▶ **THE RECORDS**
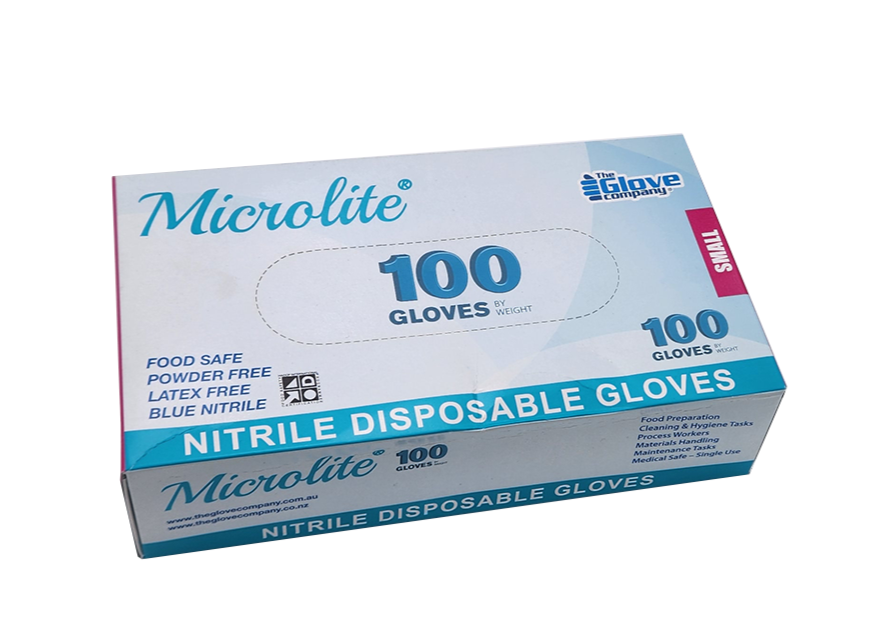 Microlite Nitrile Disposable Gloves Small 100pk Gloves Microlite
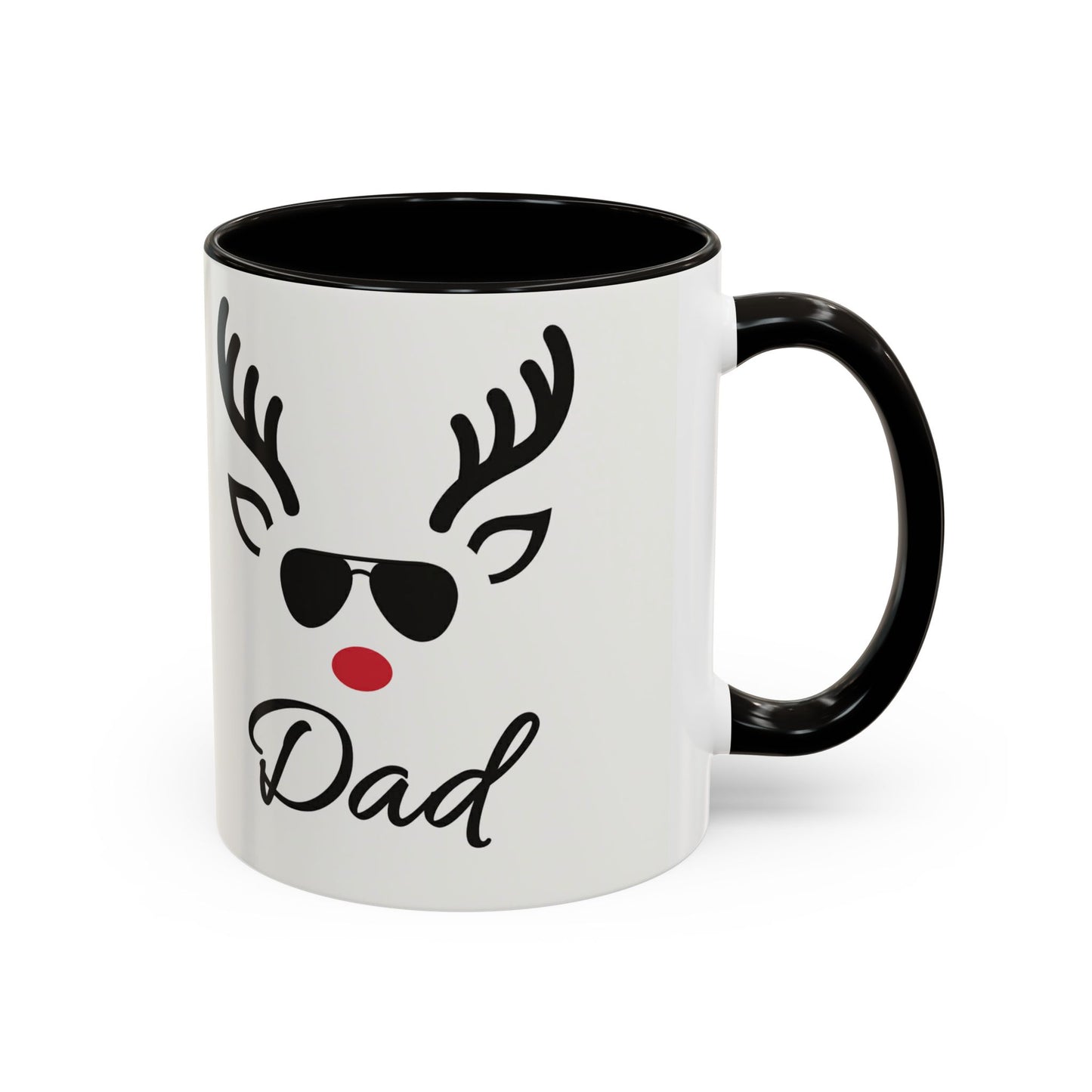 Dad Reindeer Mug — Funny Christmas Coffee Cup (11oz & 15oz)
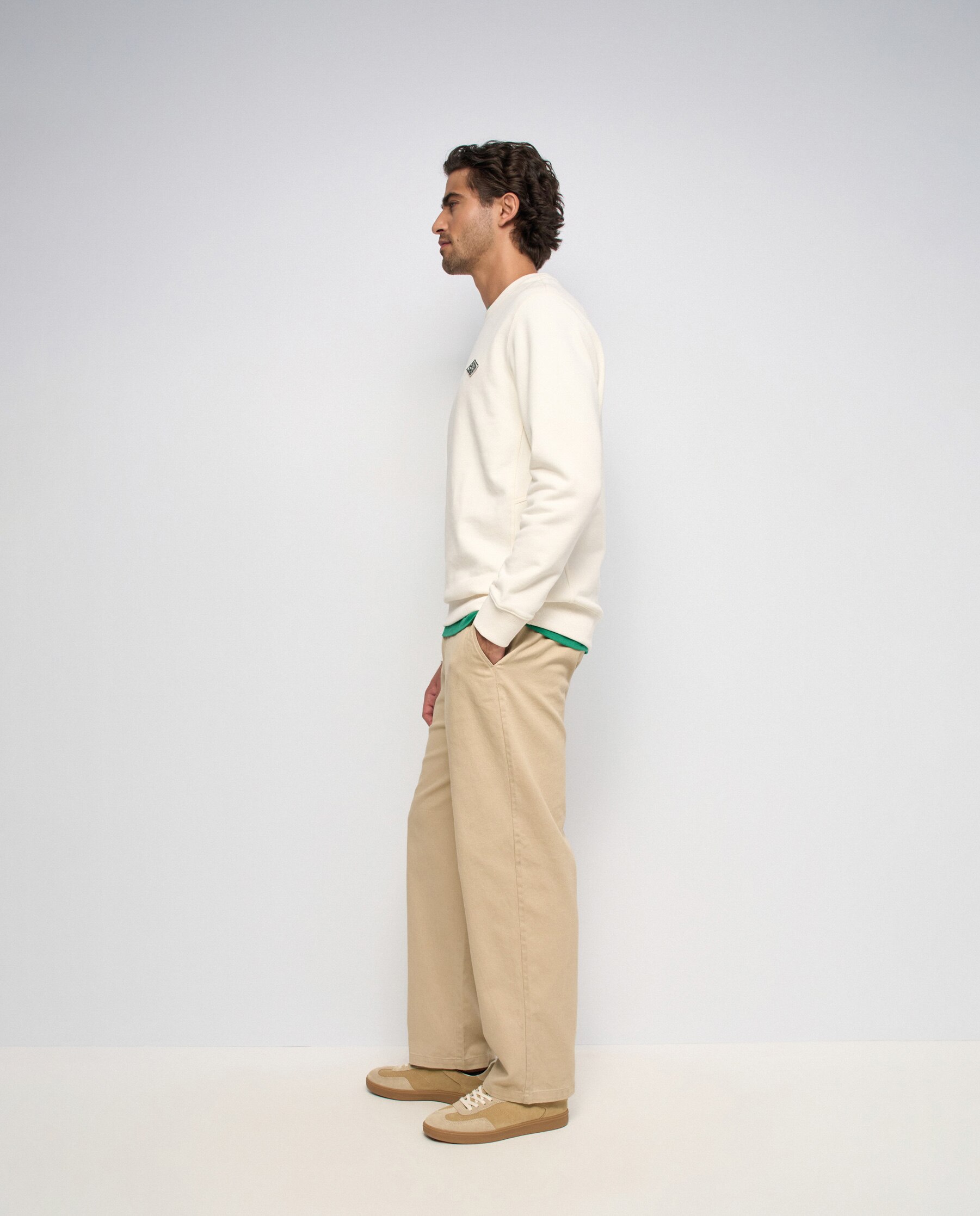Imagen 2 de Sudadera con capucha de hombre - Salsa Jeans - Natural Natural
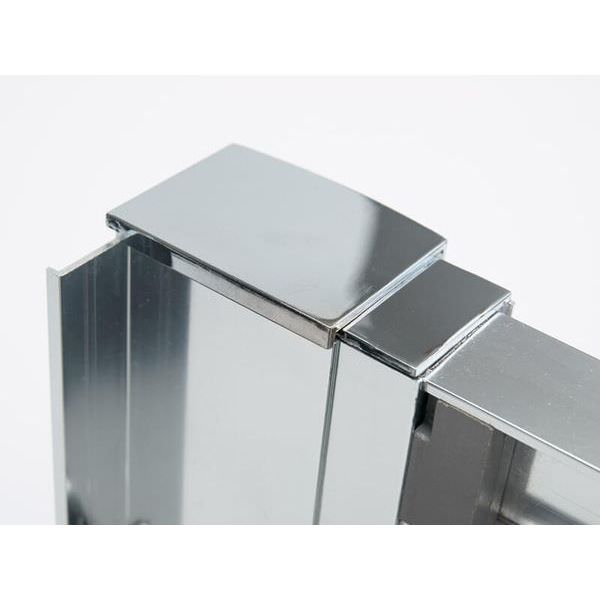 Merlyn Ionic Express sliding quadrant shower enclosure with chrome aluminum frame, 1900mm high, two doors, modern bathroom design
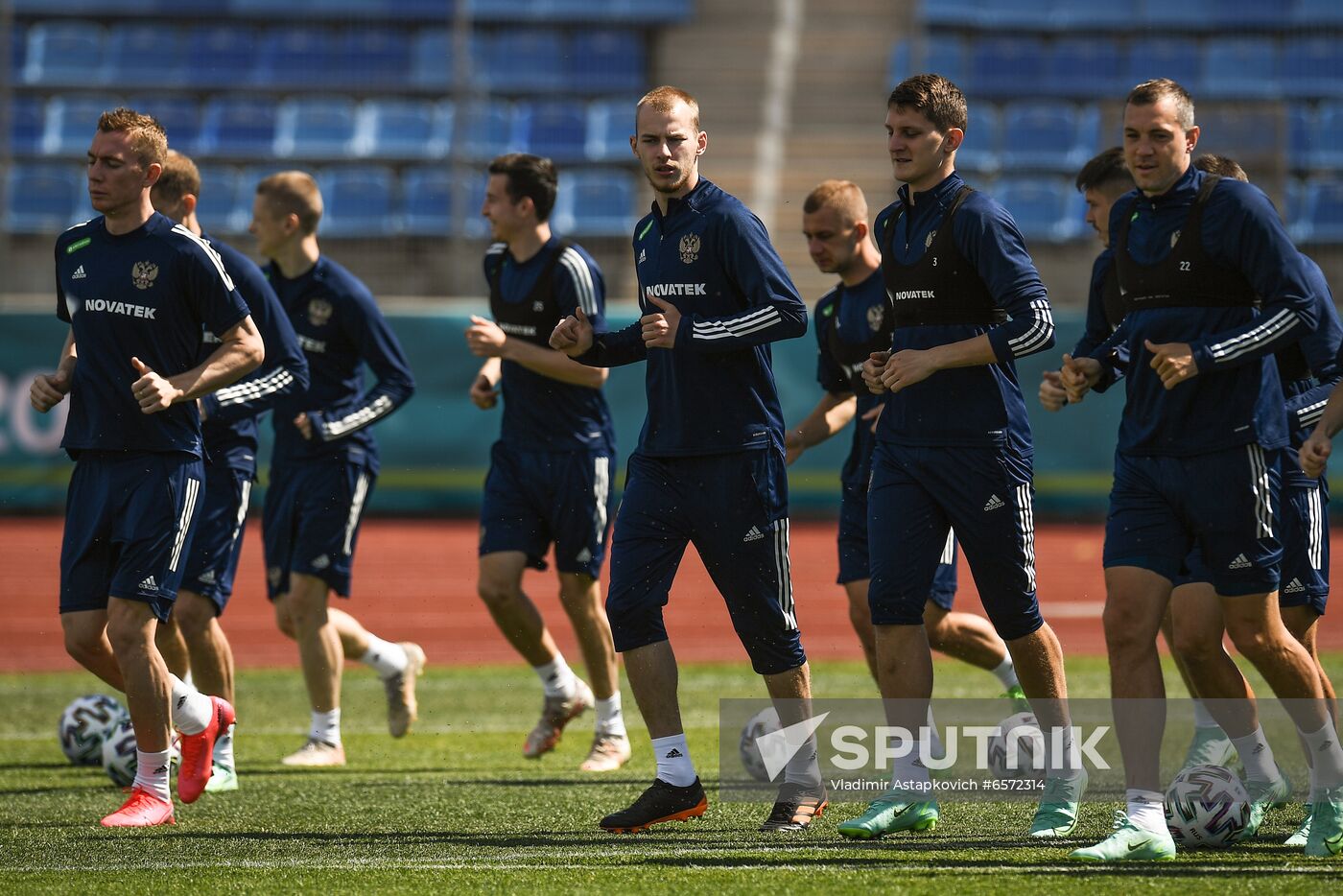 Russia Soccer Euro 2020 Russia Training Session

▶ **WHAT YOU HAVE TO DO**
Copy the lines above exactly and exclude every image.

▶ **FINAL ANSWER**
 Microlite Nitrile Disposable Gloves Small 100pk Gloves Microlite
 Dad Reindeer Mug — Funny Christmas Coffee Cup (11oz & 15oz)
Imagen 2 de Sudadera con capucha de hombre - Salsa Jeans - Natural Natural
 Merlyn Ionic Express sliding quadrant shower enclosure with chrome aluminum frame, 1900mm high, two doors, modern bathroom design
 Russia Soccer Euro 2020 Russia Training Session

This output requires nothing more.